# Exercise instructions
Every line from the one with "구산역치과 <치아와 수명과의 관계는?>" to the end of the listing, and nothing else, is to be printed exactly; please leave the pictures out.

# Dataset section
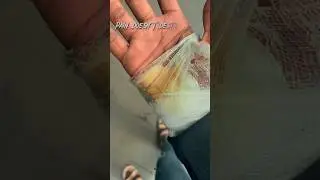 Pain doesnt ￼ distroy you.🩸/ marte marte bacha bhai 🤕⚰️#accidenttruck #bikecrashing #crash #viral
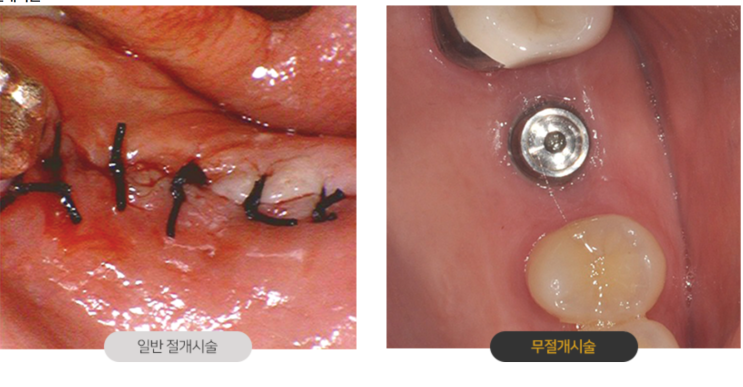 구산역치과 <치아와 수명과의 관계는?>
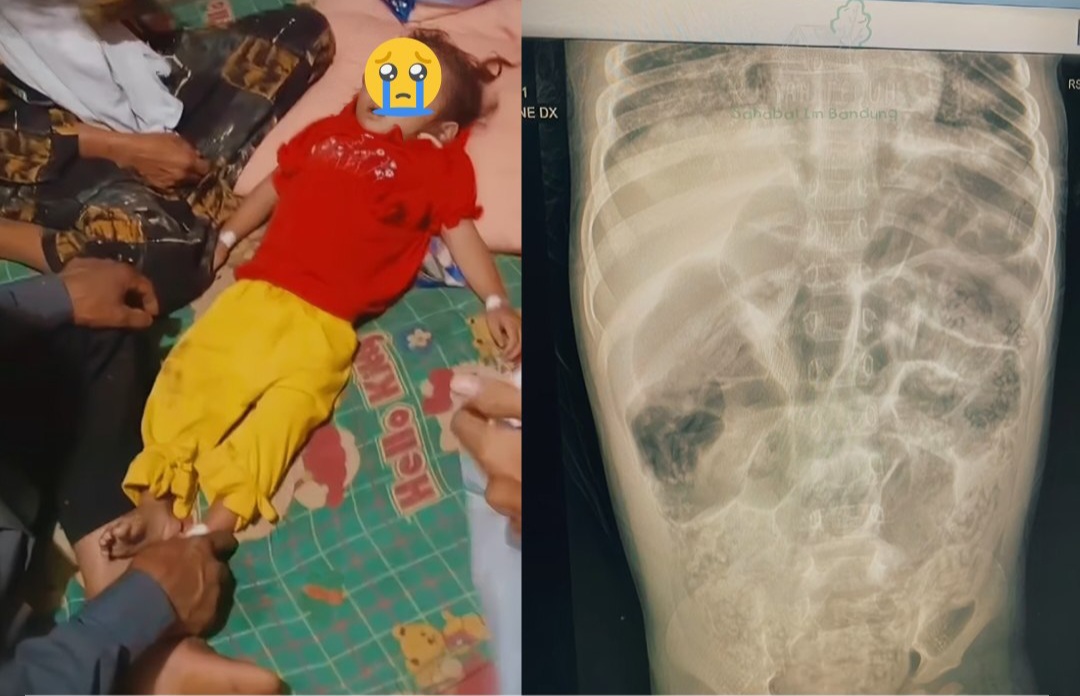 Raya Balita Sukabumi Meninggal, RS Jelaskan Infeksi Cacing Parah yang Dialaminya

# Output
 구산역치과 <치아와 수명과의 관계는?>
 Raya Balita Sukabumi Meninggal, RS Jelaskan Infeksi Cacing Parah yang Dialaminya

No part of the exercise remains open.